The wealth management sector is waking up to the reality that in a matter of days, if not weeks, capital gains tax rates will rise significantly at state and federal level. As a result, combined state and federal CGT burdens could approach 60 per cent in New York and California, reports say.
Lawmakers in the state of Washington have voted to push up capital gains tax rate on the sale of bonds and stocks over $250,000. At the national US level, wealth advisors are bracing for a CGT hike. Reports of leaked White House proposals hit US equities yesterday.
The Washington state measure passed on a 52-46 vote in the House after nearly two hours of debate in the Democratic-led chamber (source: Associated Press, April 22).
At a time when lawmakers in Washington DC and the Biden administration are eyeing a big hike to CGT, the state of Washington’s vote adds to worries about a rising tide of taxes on the “rich”. Elsewhere, Bloomberg and others reported that Biden administration officials leaked that they will soon propose raising the federal tax on capital gains to 43.4 per cent from a top rate of 23.8 per cent.

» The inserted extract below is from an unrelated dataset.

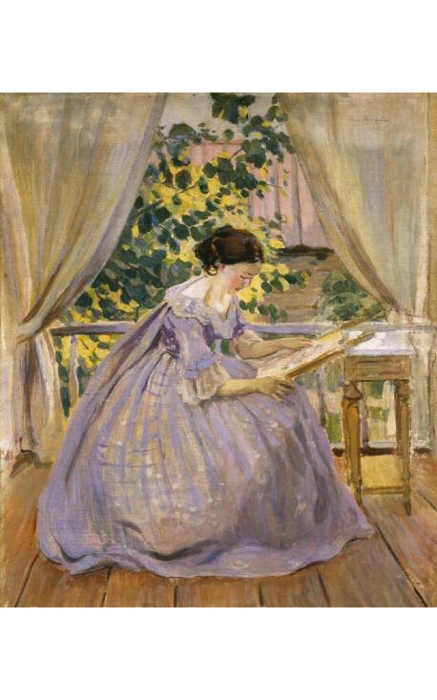 Виктор Борисов-Мусатов "За вышиванием", 1901, холст, масло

US equities fell sharply on the stories of a possible big CGT move. The S&P 500 index was down 0.92 per cent yesterday; the Dow Jones Industrial Average fell 0.94 per cent; and the Nasdaq Composite Index was also down 0.94 per cent.

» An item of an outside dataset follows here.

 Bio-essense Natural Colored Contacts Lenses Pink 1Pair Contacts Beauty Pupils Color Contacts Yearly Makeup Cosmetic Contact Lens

Unnamed sources told Bloomberg that the administration wants to impose CGT on taxpayers who earn more than $1 million at the personal income tax rate, which he also wants to raise to 39.6 per cent from 37 per cent. With some states also imposing CGT on gains, such as the 13.3 per cent rate in California and 11.85 per cent in New York – it means that the coastal financial powerhouses might have rates approaching 60 per cent in total.
Rockefeller Global Family Office said that such CGT hikes might encourage investors to take their funds out of the market.
“If the 43.4 per cent rate becomes a reality, it will likely trigger an exodus from some of the biggest market cap stocks as many investors will likely seek to lock in their capital gains at the existing rate before year end. It raises the question on whether lawmakers will make the higher capital gains tax rate retroactive to some point in 2021 in order to maximize the tax revenue,” Jimmy Chang, chief investment officer, Rockefeller Global Family Office, said.
“It feels like we are watching a negotiation in real time. The proposed increase is exactly in line with President Biden’s campaign platform, but it’s unclear how much traction it will receive. Unlike income taxes, capital gains are elective," Joe Roberts, managing director and head of wealth strategy, Rockefeller Capital Management, said.
“It is difficult to predict how much revenue will be produced by this increase, and without tangible evidence that it will materially increase inflows, the cooling effect it will have on markets and capital transactions will be a real hurdle. It is possible - maybe even likely - that the Biden Administration is anchoring for a more moderate increase, like the 24.2 per cent bracket that has been proposed in the past," Roberts added.
Advisors have told Family Wealth Report that they expect some rises to income and capital gains taxes, as well as reversing the doubling of estate tax exemptions introduced under the Trump administration. When the Democrats won control of Congress after the Georgia state election run-offs, it added to one of the busiest estate and tax planning seasons advisors have seen in years.
Another worry, for institutional investors for example, is a potential hike to corporate tax rates, according to RBC Wealth Management.
“One of the biggest sources of angst among equity institutional investors is the prospect that US corporate taxes could increase, according to an RBC Capital Markets survey. Such tax hikes are included in the infrastructure bill proposed by President Joe Biden. Concerns about this have even overshadowed the potential benefits of the sweeping $2 trillion, multiyear infrastructure package,” RBC said.
Earlier this week, a tax and migration advisor told this news service that he predicts the number of Americans seeking to renounce their citizenship and leave the US will rise "dramatically", with tax hikes playing an important role in those decisions.
Large rises in the assets of some of the richest people in the US - such as tech and aerospace tycoon Elon Musk or Amazon's Jeff Bezos - have fueled debate about tax hikes on those perceived to have profited from changes to the economy, as well as from the lockdowns that have forced consumers to shop and get their entertainment online. Central bank quantitative easing has arguably also added to wealth inequality.